▶ [DESCRIPTION OF THE TASK]: Quote these lines exactly: the one that holds "恋人<アイドル>との非日常 Page.8" and every line after it to the end of the material below. Skip pictures.

▶ [DATA EXCERPT]:

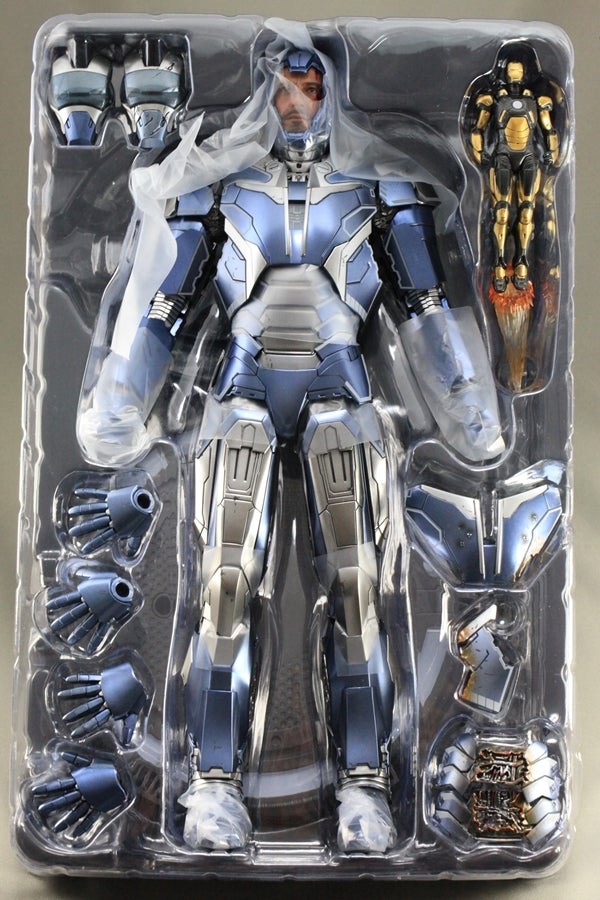 ホットトイズ アイアンマン3 マーク40 ショットガン ボーナス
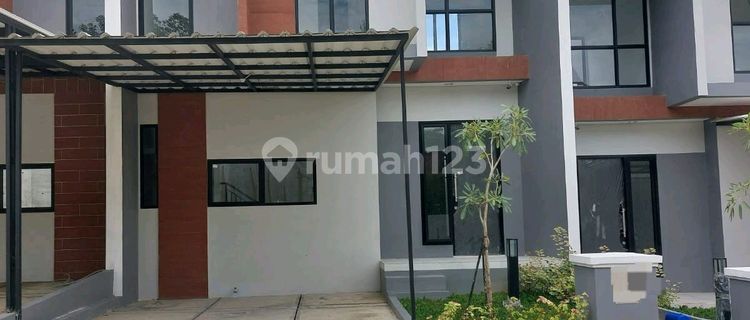 Rumah Baru Jadi Siap Huni Dikawasan Elit Perumahan Grand City 1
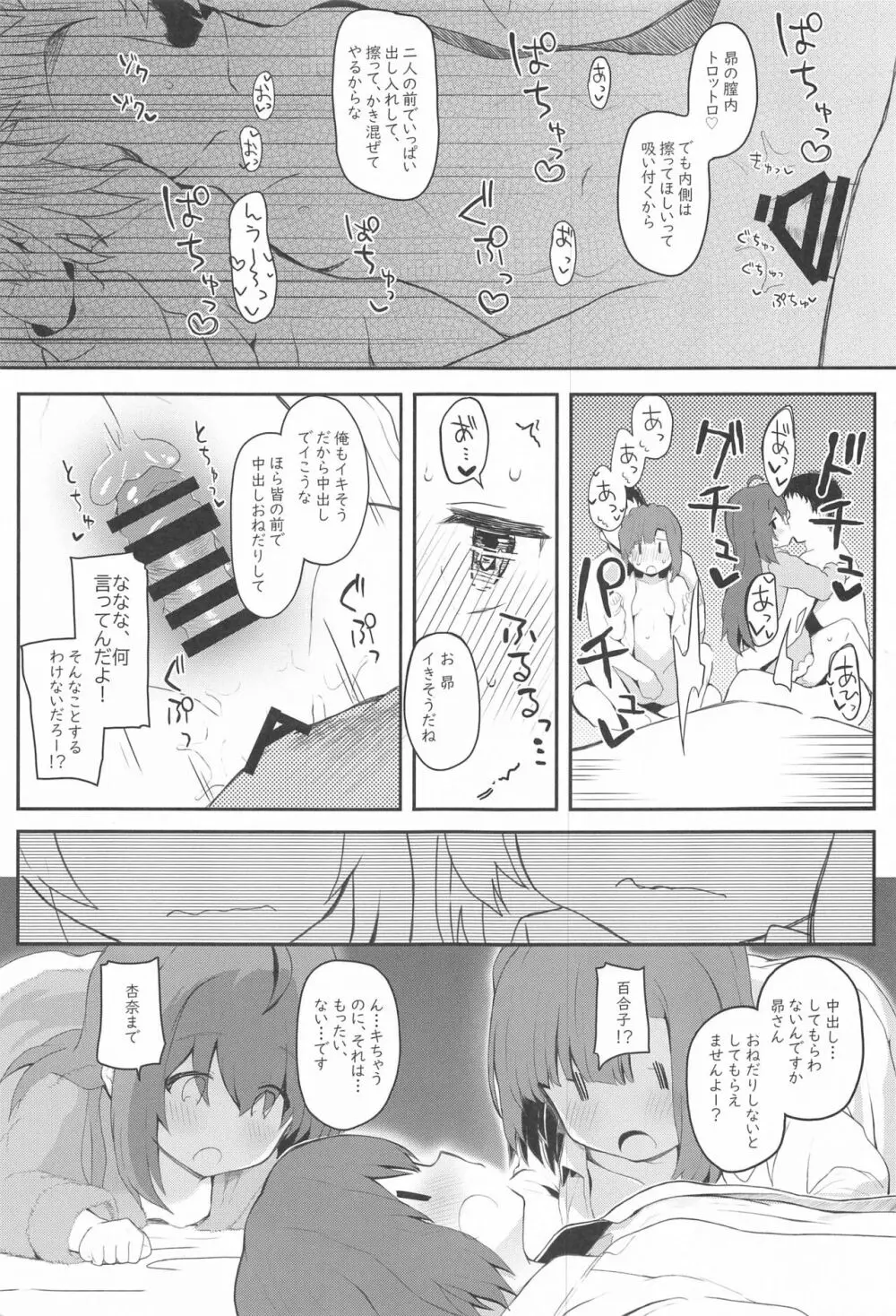 恋人<アイドル>との非日常 Page.8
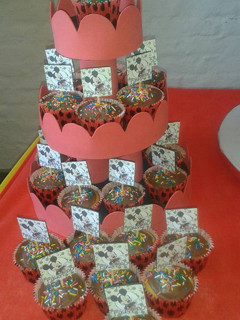 Una foto de Muffins de chocolate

▶ [EXERCISE ANSWER]:
 恋人<アイドル>との非日常 Page.8
 Una foto de Muffins de chocolate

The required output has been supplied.